У одной из голов были длинные светлые волосы, она летела чуть медленнее, развевая ими как флагом, и наконец зацепилась ими за дерево, под которым сидел один из наших, и обмоталась вокруг него.
- Женщина кажется, - флегматично заметил Чулпан. – Интересно, откуда тут взялась.
Дождь голов иссяк, мужики осмелели и вышли из укрытий. Пауза затягивалась.
- Ну шо? – спросил Баб у Кача.
Все оглянулись на вожака. Тот стоял с каменным лицом и смотрел на женскую голову с длинными светлыми волосами, потом подошел ближе, всмотрелся. Наклонил дерево, взял голову за волосы и оторвал от ветки.
Я как посмотрел на него, так картинку из книжки одной вспомнил, «бедный Ёрик» называется.
Долго Кач глядел в лицо покойницы – минуту, наверное. Потом опустил ее голову и так же долго смотрел туда, откуда она прилетела.
И вдруг заорал Кач – не отрывая от крыши глаз – страшно заорал, как зверь. Словно угрожал Тузу, засевшему на крыше.
Смолк Кач, и эхо стихло. И тут в ответ с крыши рев раздался – у меня поджилки дрогнули.
Утробный рев, низкий, сравнить не с чем. Никто из зверей так не рычит. Вроде того, как дверь скрежещет старая, только представь ту дверь высотой в дом многоэтажный.
- Вот и поговорили, - флегматично заметил Нехай.
Подошли товарищи к мужику, которого Туз мертвой головой по башке угостил – а он уже и не дышит.
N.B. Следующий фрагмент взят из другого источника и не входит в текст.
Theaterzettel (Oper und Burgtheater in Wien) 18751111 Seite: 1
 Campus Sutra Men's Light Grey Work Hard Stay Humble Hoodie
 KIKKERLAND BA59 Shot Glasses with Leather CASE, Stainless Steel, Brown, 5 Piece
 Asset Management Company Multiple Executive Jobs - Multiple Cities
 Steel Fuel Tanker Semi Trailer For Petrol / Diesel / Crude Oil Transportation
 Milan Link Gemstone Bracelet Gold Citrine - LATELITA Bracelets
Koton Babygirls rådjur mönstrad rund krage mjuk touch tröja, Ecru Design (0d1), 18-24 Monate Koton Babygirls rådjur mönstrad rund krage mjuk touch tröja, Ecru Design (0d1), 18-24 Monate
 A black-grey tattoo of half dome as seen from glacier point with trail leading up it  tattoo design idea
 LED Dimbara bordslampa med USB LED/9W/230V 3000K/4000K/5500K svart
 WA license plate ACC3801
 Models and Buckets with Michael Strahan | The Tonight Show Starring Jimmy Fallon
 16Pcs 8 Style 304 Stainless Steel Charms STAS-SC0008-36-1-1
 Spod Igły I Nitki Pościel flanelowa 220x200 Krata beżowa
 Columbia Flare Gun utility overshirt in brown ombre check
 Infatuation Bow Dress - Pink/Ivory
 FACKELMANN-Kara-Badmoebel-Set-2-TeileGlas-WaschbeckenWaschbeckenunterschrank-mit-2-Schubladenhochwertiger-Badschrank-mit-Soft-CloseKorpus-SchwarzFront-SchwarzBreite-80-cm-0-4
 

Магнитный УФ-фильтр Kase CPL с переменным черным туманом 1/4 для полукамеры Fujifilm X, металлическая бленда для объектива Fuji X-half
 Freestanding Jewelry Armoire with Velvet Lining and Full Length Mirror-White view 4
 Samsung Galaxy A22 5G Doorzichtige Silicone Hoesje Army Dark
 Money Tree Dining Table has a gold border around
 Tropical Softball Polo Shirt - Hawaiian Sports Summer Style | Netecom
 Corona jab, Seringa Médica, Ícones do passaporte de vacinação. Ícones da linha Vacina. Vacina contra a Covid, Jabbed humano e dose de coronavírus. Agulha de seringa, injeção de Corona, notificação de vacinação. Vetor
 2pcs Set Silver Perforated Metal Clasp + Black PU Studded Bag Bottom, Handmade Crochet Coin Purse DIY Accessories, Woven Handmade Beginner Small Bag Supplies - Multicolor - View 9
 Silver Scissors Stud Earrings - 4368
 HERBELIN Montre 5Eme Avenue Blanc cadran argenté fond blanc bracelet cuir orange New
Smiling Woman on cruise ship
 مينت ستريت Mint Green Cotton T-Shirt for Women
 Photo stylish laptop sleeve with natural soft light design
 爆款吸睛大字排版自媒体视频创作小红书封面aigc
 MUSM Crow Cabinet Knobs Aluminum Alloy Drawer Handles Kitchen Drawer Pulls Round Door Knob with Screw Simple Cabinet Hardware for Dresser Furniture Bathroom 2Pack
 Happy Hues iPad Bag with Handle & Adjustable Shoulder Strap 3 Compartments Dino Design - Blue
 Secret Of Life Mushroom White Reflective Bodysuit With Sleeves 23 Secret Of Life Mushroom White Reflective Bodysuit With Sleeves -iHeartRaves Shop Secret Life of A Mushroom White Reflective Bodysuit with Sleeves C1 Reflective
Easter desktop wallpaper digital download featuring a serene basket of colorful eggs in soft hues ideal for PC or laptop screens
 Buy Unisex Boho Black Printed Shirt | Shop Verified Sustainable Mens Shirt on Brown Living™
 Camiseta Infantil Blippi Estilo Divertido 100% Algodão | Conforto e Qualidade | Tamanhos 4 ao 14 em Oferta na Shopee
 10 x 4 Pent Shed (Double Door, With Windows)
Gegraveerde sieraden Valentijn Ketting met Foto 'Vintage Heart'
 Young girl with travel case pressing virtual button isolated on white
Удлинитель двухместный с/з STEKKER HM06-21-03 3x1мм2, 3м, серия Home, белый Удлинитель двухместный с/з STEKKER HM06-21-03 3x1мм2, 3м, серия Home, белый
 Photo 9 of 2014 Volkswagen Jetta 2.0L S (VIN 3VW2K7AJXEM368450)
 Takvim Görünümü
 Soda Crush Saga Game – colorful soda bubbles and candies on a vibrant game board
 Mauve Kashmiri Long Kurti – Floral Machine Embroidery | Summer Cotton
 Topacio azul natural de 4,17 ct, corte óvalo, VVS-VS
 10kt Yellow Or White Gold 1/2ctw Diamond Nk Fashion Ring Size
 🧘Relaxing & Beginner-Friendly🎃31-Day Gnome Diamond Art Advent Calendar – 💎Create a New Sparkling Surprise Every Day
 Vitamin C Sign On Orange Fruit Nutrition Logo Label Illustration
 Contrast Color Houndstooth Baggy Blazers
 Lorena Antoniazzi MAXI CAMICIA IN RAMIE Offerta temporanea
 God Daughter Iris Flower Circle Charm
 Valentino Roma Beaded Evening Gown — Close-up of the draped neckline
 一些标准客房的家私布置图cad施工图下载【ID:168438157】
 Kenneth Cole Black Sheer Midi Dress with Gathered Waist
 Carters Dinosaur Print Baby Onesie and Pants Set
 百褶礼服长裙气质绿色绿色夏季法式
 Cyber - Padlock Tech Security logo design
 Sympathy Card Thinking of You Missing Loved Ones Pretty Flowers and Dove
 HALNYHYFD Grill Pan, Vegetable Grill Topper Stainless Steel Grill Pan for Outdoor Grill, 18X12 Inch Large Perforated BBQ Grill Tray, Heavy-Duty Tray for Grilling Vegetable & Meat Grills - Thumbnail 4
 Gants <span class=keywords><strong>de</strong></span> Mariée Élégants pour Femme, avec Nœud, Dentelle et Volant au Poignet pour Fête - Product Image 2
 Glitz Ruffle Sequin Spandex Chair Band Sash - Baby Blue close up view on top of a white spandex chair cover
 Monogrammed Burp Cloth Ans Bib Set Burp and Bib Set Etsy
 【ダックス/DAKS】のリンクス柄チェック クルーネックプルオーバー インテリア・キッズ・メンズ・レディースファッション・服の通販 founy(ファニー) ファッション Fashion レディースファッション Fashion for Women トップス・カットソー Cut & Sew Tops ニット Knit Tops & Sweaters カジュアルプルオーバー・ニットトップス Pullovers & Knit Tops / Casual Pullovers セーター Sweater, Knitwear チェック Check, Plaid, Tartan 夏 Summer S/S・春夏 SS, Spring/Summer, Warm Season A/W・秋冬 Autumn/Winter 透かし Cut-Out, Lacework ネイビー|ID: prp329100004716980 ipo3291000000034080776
- Минус один, - сказал товарищ покойного, и они принялись собирать с него хабар.
Кач долго думал и наконец разродился очередными указами.
- Пойдем на крыши, - хрипло скомандовал он и махнул рукой. – Винт, ты со своими на ту, мы на эту, Балкан жди внизу.
- Иду, - ответил Винт и ушел, а мы двинулись за Качом.
Дошли до подъезда, Кач включил фонарь и шагнул в темноту, я удивился еще, как он не боится паука или мурзы, потом вспомнил, что тут не живут эти твари, а место для них самое любимое – подъезд, потому что кто со свету в него входит, первые пару мгновений не видит ничего, пока глаза к темноте не привыкнут.
А Кач это давно уже понял. Ну и поднимался он по лестнице, как к себе домой, а мы за ним.
- Че, на самый девятый этаж пешком пердехать? – тоскливо спросил кто-то догадливый.
- А ты лифта подожди, - посоветовал кто-то заботливым голосом, и мужики загыгыкали.
Так что путь лежал у нас неблизкий – девять этажей, по два пролета на каждый, такая история. Стены чем только не исписаны, словно тут Нестор-летописец старался, но надписей почти не разобрать, кроме как какое-нибудь «Владик, 4 мая 2018», потому что – вот мрак! – по этим надписям многоножки бегают, сплошным ковром, ну просто тьма, шуршат туда-сюда, что они тут только делают, непонятно! Здоровые, некоторые в локоть длиной, белые. А лестница старая, перила шатаются. Первый раз такие ушатанные перила вижу – словно специально их так раздолбали, непонятно зачем.
Стремно, в общем, чума.
Стали выше подниматься – из окон свет тусклый, гляжу, а ступеньки оказывается не черные, а мокрые, и чем дальше вверх, тем более слизкие какие-то, ноги ездить начинают. А внизу на стенах полоска красная – приглядишься, а она шевелится, вся из красных малюсеньких червячков таких, как глисты. Червячки эти копошатся, вроде как слизь поджирают, которая от ступенек вверх по стене поднимается. А многоножки нет-нет да подбегают к червячкам, усиками попробуют, какой пожирнее, да и сшамают его, и дальше бегут. Между червяками мокрицы черные ползают, тоже свое ищут.